UPDATE: Pablo Sandoval hit three home runs to lead the Giants to an 8-3 victory over the Tigers in Game 1 of the 2012 World Series. Two of the blasts came off Detroit ace Justin Verlander who labored through four innings to take the loss. Barry Zito and Tim Lincecum combined to pitch the first eight innings for San Francisco, and hold the Tigers to just one run.
San Francisco manager Bruce Bochy had to turn his starting pitching rotation inside-out in the NLCS partly because he wasn’t about to trust the recently-struggling Madison Bumgarner in a lose-or-go-home scenario against the Cardinals.
A change of heart by the skipper, however, will give Bumgarner another chance on Thursday night in Game 2 of the World Series against Detroit at AT&T Park.

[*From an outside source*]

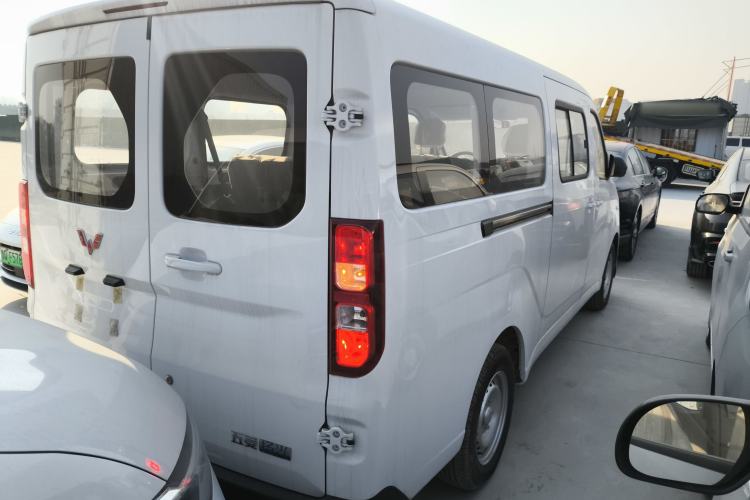 Used Wuling Yangguang 2024 300KM Comfort Version Passenger Van 75kW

Meanwhile, Tigers manager Jim Leyland will send Doug Fister to the mound on Thursday. A quick check with the Don Best MLB odds screen notes that Fister has been posted at -125 with a 7-run total priced equally 'over/under.'
First pitch in San Francisco will be at 8:05 p.m. (ET) on Thursday, with big FOX covering the action. Joe Buck and Tim McCarver will provide the descriptions.
The real intrigue in Game 2, however, surrounds Bochy and his decision to go with Bumgarner, which has surprised a few onlookers who thought the Giants skipper might go in another direction after Barry Zito got the call in Game 1. It was thought that the recently-hot Ryan Vogelsong could get the assignment, but Vogelsong, who was superb again on Sunday night in the Game 6 NLCS win over St. Louis, has not pitched on only three days of rest this season, and Bochy instead opted to push Vogelsong to Game 3 on Saturday at Comerica Park.

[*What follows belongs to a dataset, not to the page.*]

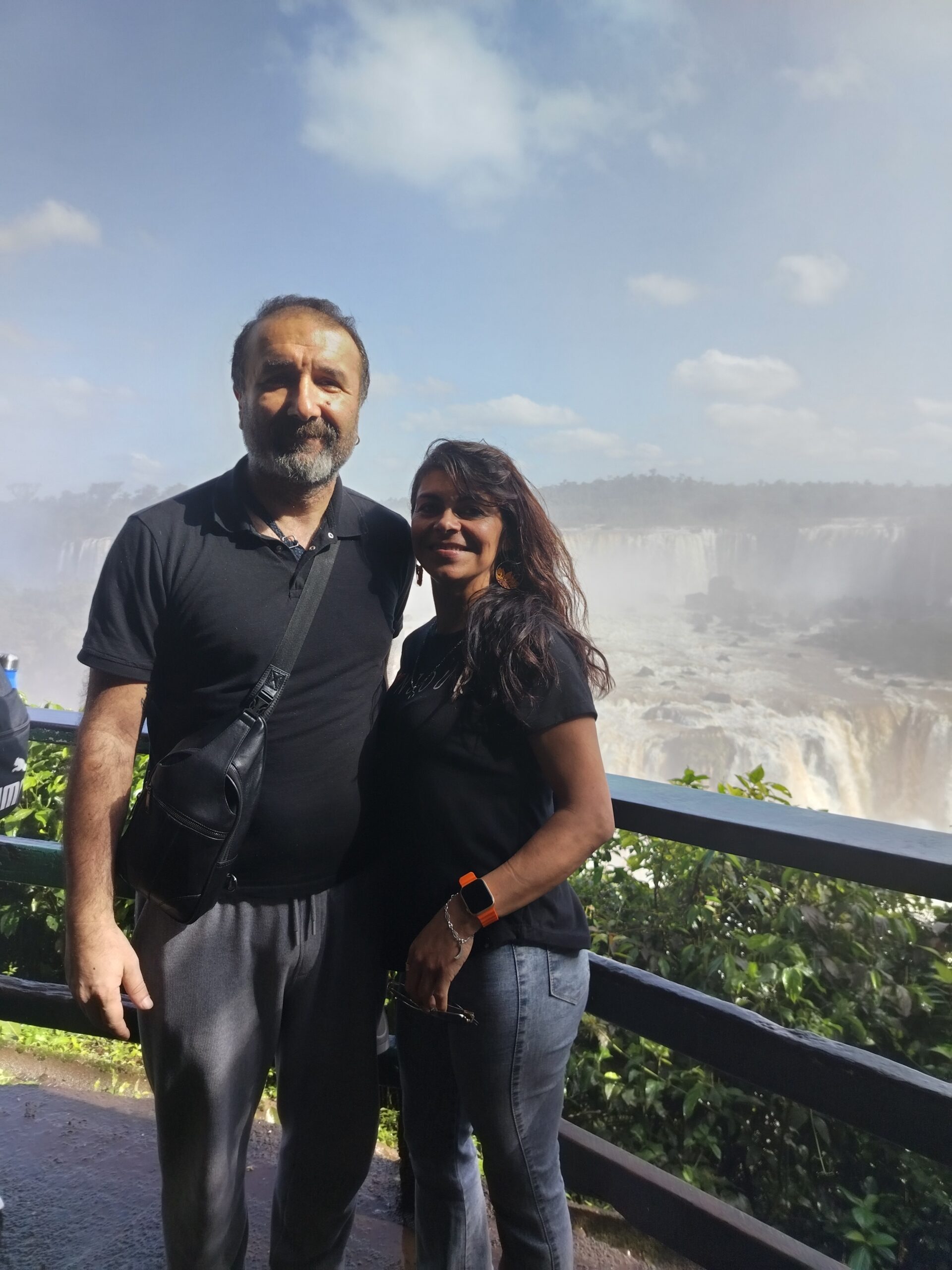 Fotografía de pareja en las Cataratas del Iguazú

Then, if not Vogelsong, many suspected Bochy might call on Tim Lincecum. But Bochy’s gamble with Lincecum in the rotation blew up in his face in Game 4 of the NLCS, when the Cards rocked the two-time Cy Young Award winner who had pitched so well out of the bullpen earlier in the postseason. Bochy instead decided to keep Lincecum in the bullpen as a long-relief option.
Which meant that Bochy would instead gamble with Bumgarner, who, along with pitching coach Dave Righetti, identified a mechanical flaw that was contributing to his string of recently-ineffective efforts. Bumgarner struggled from late August into mid-September before temporarily righting the ship in a pair of late-season starts vs. the Rockies and Padres. But beginning with his final regular-season start at San Diego on September 29, Bumgarner had allowed 19 hits and 15 runs (14 of them earned) over three starts comprising just 12 innings of works, translating to an 11.25 ERA. The Giants also lost all three of those games by a combined score of 23-7.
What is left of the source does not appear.